§ RAW DATA

--- START ---

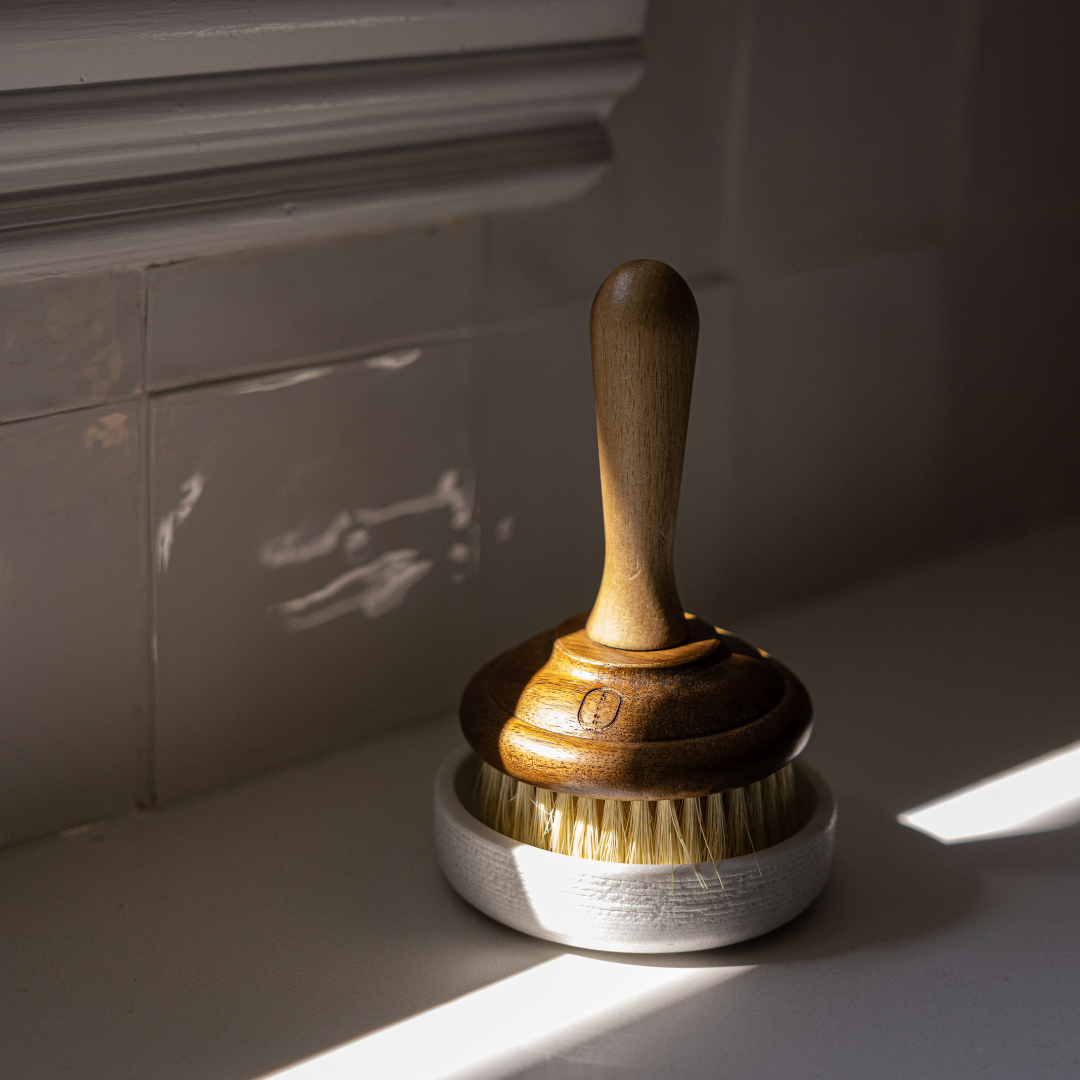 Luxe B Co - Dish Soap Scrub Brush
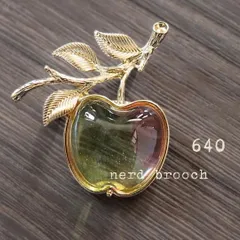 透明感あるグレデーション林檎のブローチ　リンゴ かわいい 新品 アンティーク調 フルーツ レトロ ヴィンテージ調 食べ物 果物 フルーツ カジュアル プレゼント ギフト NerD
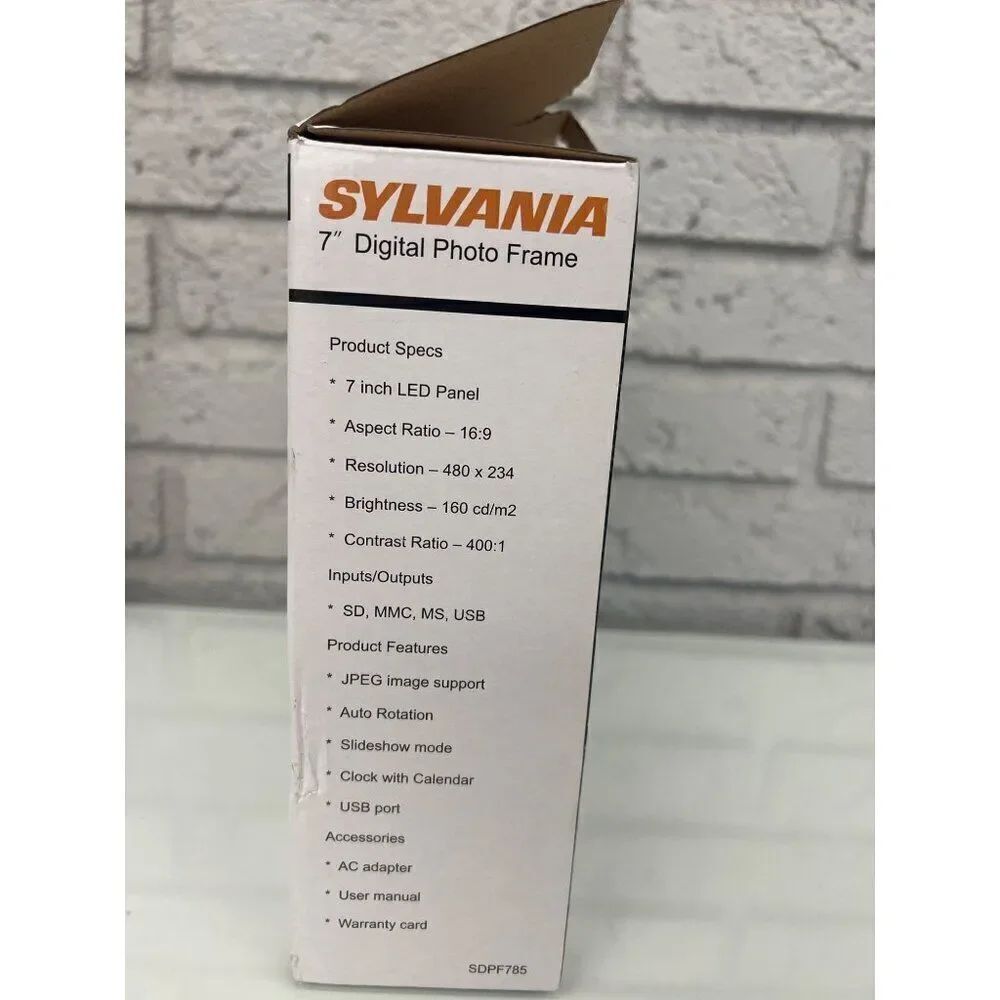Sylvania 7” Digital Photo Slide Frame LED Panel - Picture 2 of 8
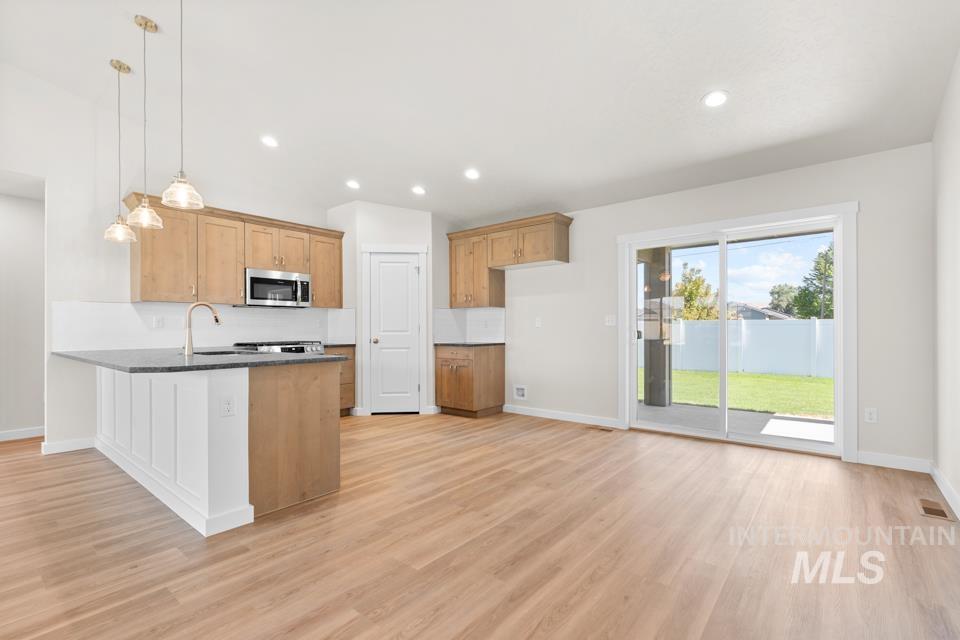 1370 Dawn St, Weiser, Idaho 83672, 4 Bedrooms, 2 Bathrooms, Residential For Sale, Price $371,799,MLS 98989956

--- END ---

§ REQUIRED WORK
Each line above should be set down exactly as written, with pictures excluded.

§ COMPLETED TASK
 Luxe B Co - Dish Soap Scrub Brush
 透明感あるグレデーション林檎のブローチ　リンゴ かわいい 新品 アンティーク調 フルーツ レトロ ヴィンテージ調 食べ物 果物 フルーツ カジュアル プレゼント ギフト NerD
Sylvania 7” Digital Photo Slide Frame LED Panel - Picture 2 of 8
 1370 Dawn St, Weiser, Idaho 83672, 4 Bedrooms, 2 Bathrooms, Residential For Sale, Price $371,799,MLS 98989956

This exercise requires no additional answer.